Prior to a loan application being reviewed by the Board, an initial assessment on the quality of the loan application is undertaken based on our proprietary credit rating model. This ensures a consistent and measurable approach to loan assessment occurs prior to any formal approval.

Borrowers are required to provide a serviceability declaration and substantiate their ability to service a mortgage. We also obtain credit history checks and secured property assessment and valuation.

The Board then combines their experience, qualifications, knowledge and skills, to apply the credit policy, approval process and checklist to all loan applications.

The Board must approve the loan, including the secured property as being acceptable for investment.

Security & conditions

No secured property or borrower is alike, and Apac subjectively considers each secured property and borrower for risk of default and may impose conditions to reflect risks specific to the security to reduce risk of default or loss, which may include a lower loan to valuation ratio, or requiring additional security.

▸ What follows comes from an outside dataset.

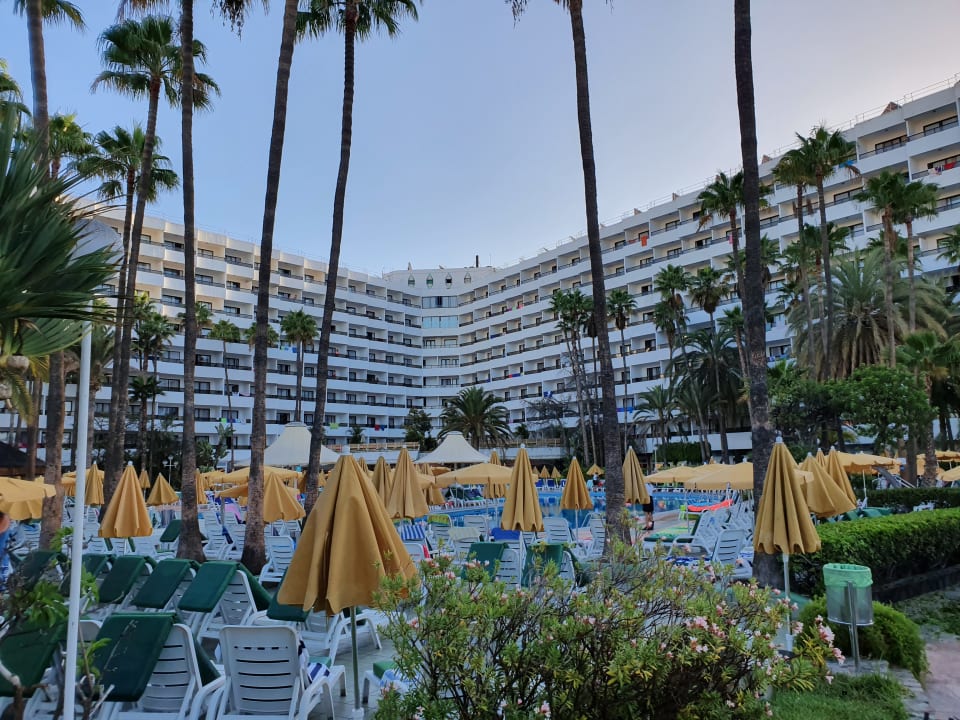 Außenansicht Bull Eugenia Victoria & Spa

In the case of construction or development loans, this may include additional requirements such as pre-sales and certified cost of completing the project. All loans selected for inclusion in the Fund have met our  requirements for the applicant to demonstrate capacity to service the loan.

If the purpose of the loan is to refinance other lenders, evidence of satisfactory conduct of the loan is required. The Fund may also take additional collateral security, including guarantees from the directors of the borrower and general security interests (through a general security agreement) over all the current and after-acquired property of the borrower.

These parameters vary from time to time depending on Apac’s views as to market conditions, property market cycles and other micro and macroeconomic conditions. We may change the parameters without providing notification to you.